PictureA depiction of the Monte Carlo suicide cemetery c.1896
By the time of Emma Levin's murder, Monaco was considered a playground for the wealthy, but no doubt there was a dark underbelly.

The birth of the Monte Carlo Casino came about in 1866 when Princess Caroline of Monaco built the resort, which allowed gambling, something that was outlawed in most of Europe. Aristocratic luxuries were part of the stay while gamblers attempted to make Lady Luck smile on them.

In 1883, a Parisian woman lost her all her money. The management refused her an advance of 2,000 francs. She was told to leave the property, then she pulled a "six shooter revolver loaded with one bullet" and placed the barrel to her temple. Guards pulled the firearm from her, and she was taken to the director's office. They agreed to front her the 2,000 francs she asked for. It seemed she had no intention of killing herself, but knew this was the only way to get what she wanted. This unidentified woman understood the casino feared any hint of murder or suicide attached to their establishment, thereby forcing their hand to give her the funds. She had been coming to the casino since 1881, and lost almost 100,000 francs during these years.
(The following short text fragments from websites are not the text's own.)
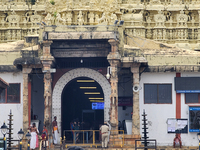 The entrance to the historic Sree Padmanabhaswamy Temple in Thiruvananthapuram (Trivandrum), Kerala, India, on April 09, 2024, is coming int...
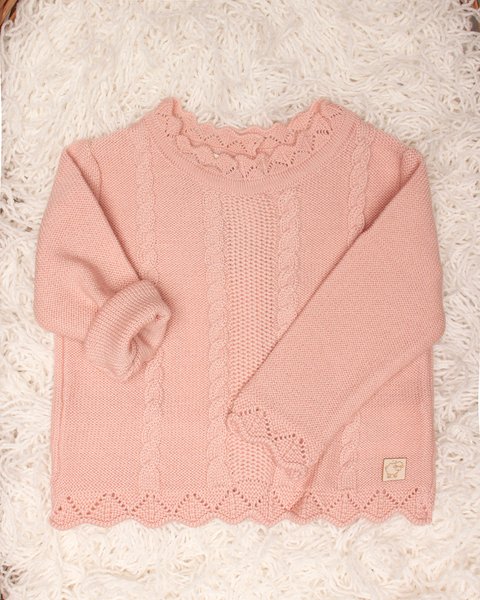 Maglia punzonata in pura lana merinos per neonate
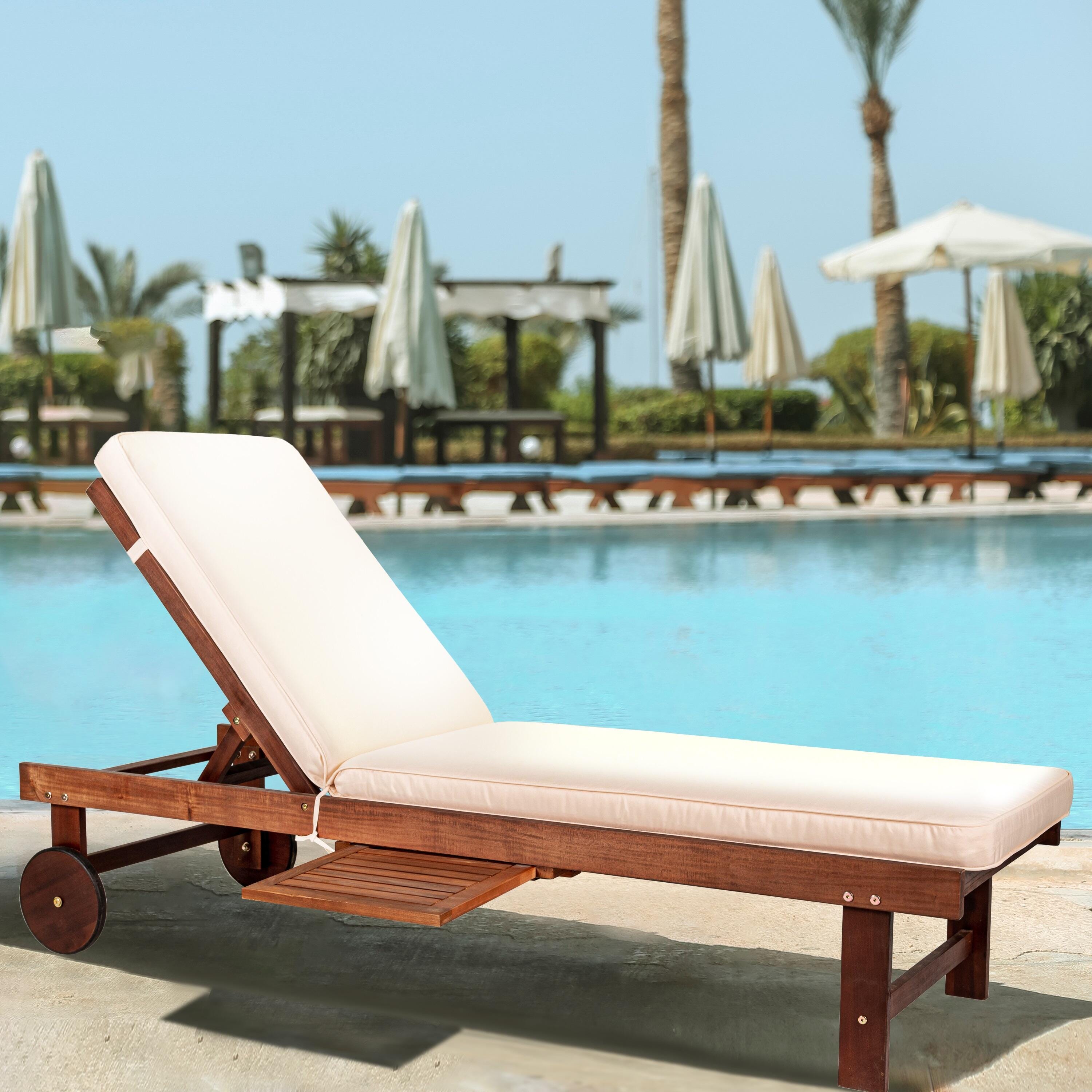 JONATHAN Y Seabrook Outdoor Acacia Lounger with Cushion, Dark Brown, large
PictureMonte Carlo Casino c.1896
Monte Carlo Casino gained a reputation for being the catalyst for innumerable suicides, however there were two sides to this story.

​These were the years when Victorian morals saw gambling as a vice that opened the doors to many other depravities.


The casino claimed the tales of suicides from those who had lost their fortunes, were made up to give the resort a bad name. The motive being there were plenty of other locations along the Riviera who would immediately open their own gaming rooms, if the Monte Carlo closed its doors. 

The reports appearing in the newspapers, never specified the names of those who had done away with themselves in despair, only generalities about the sums they lost and what station they held in life.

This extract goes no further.